What is needed: Without copying any picture, transcribe exactly the lines of the data below from the one containing "8 Mcmillan Place, Forbes NSW 2871" through the one containing "Ferienhaus in Hedesunda".

Data supplied:
····················

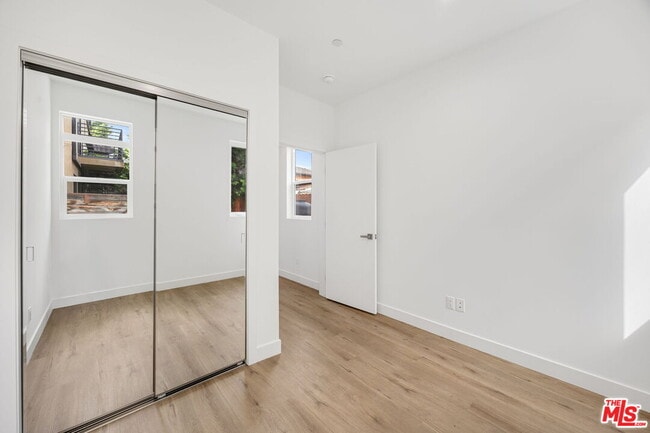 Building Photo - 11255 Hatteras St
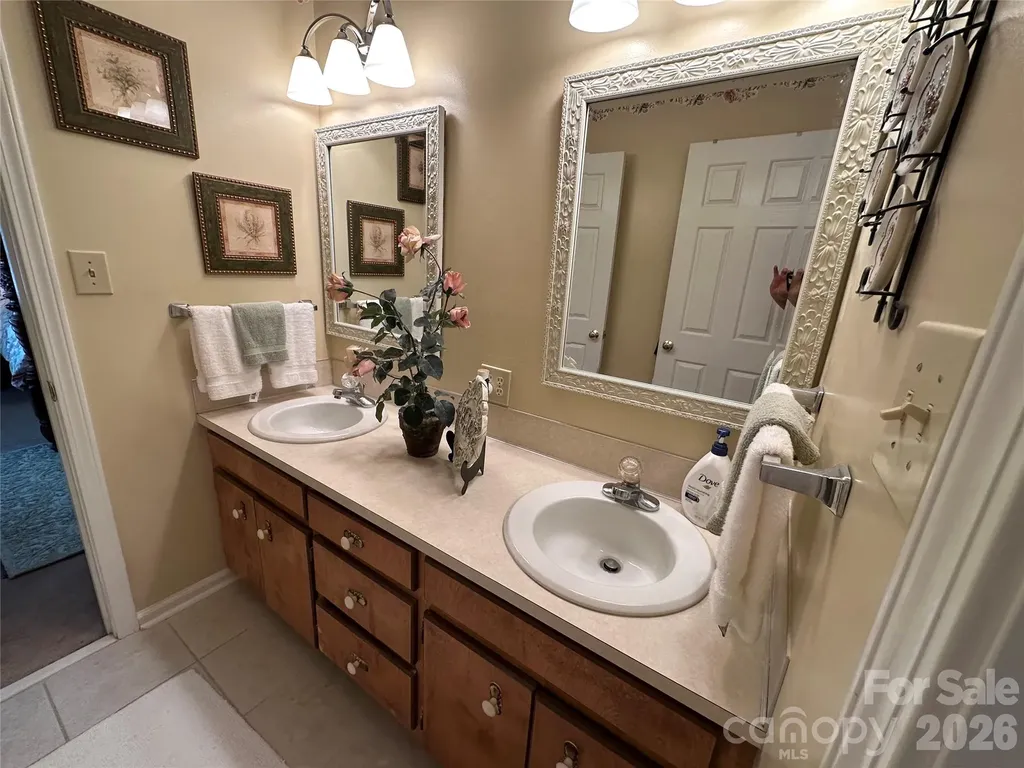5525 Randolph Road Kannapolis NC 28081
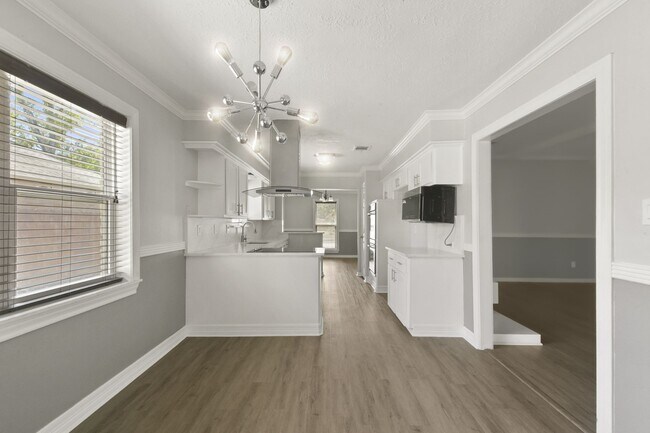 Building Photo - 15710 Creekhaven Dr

····················

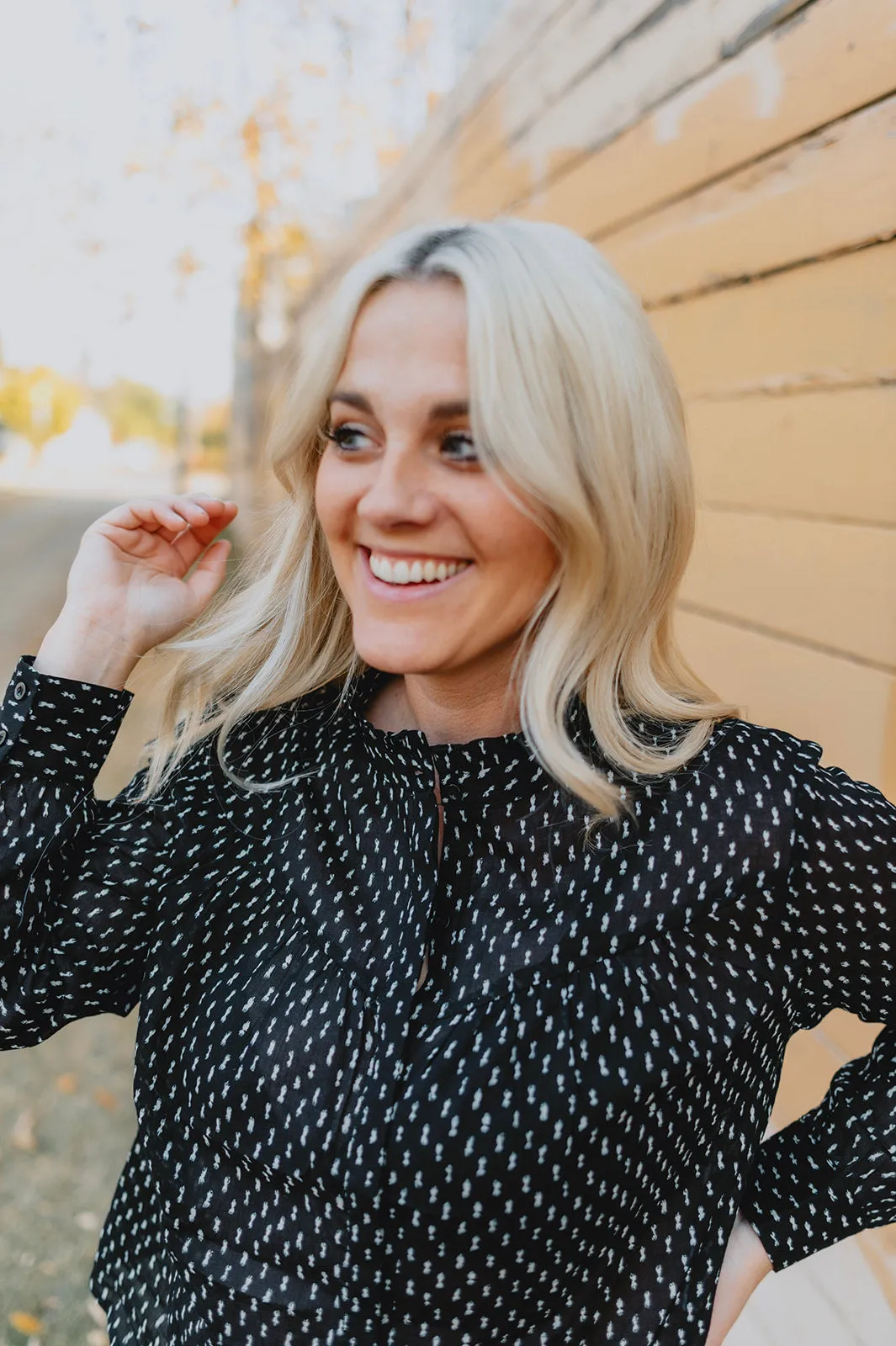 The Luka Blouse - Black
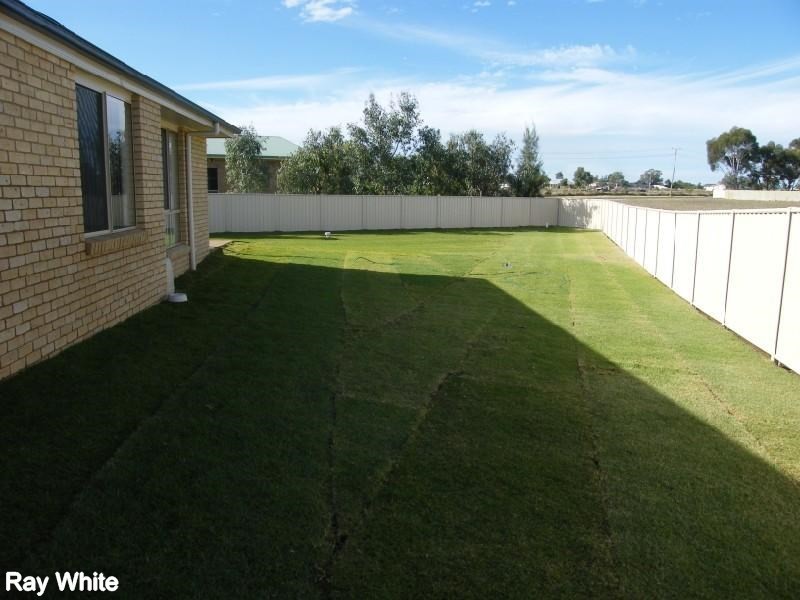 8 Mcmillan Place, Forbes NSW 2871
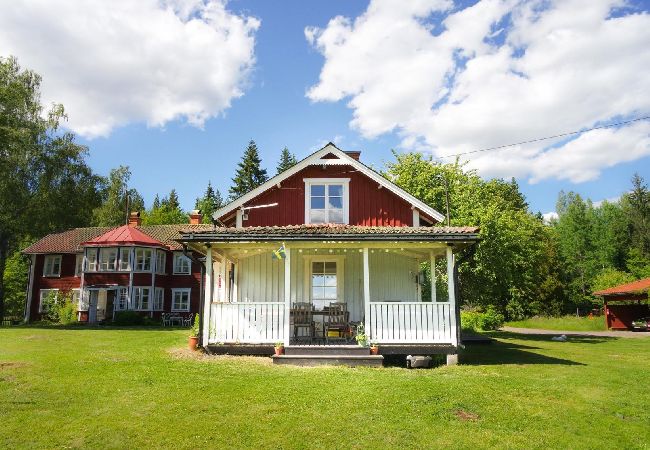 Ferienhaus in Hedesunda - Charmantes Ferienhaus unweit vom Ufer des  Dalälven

····················

Written answer:
 8 Mcmillan Place, Forbes NSW 2871
 Ferienhaus in Hedesunda - Charmantes Ferienhaus unweit vom Ufer des  Dalälven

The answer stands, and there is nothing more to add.